==== DATA FOR THIS TASK
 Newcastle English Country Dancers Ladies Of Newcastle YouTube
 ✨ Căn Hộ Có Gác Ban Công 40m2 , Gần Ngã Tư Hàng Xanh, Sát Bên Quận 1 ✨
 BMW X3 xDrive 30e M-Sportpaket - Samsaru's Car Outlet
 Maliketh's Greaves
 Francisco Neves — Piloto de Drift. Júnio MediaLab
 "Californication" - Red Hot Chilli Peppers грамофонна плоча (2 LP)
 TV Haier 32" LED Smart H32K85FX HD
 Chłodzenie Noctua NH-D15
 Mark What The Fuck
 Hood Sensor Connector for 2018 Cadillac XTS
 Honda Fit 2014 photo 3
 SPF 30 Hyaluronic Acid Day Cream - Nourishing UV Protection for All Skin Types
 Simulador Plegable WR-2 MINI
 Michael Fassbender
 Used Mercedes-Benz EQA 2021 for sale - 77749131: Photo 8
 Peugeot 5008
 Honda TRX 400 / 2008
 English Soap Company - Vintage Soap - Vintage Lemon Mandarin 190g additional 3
========
> _WHAT YOU WILL DO_
In the listing above, transcribe exactly everything from the line containing "Bên Quận 1 ✨" down to the line containing "Smart H32K85FX HD", including both and nothing more.

> _RESPONSE AREA_
 ✨ Căn Hộ Có Gác Ban Công 40m2 , Gần Ngã Tư Hàng Xanh, Sát Bên Quận 1 ✨
 BMW X3 xDrive 30e M-Sportpaket - Samsaru's Car Outlet
 Maliketh's Greaves
 Francisco Neves — Piloto de Drift. Júnio MediaLab
 "Californication" - Red Hot Chilli Peppers грамофонна плоча (2 LP)
 TV Haier 32" LED Smart H32K85FX HD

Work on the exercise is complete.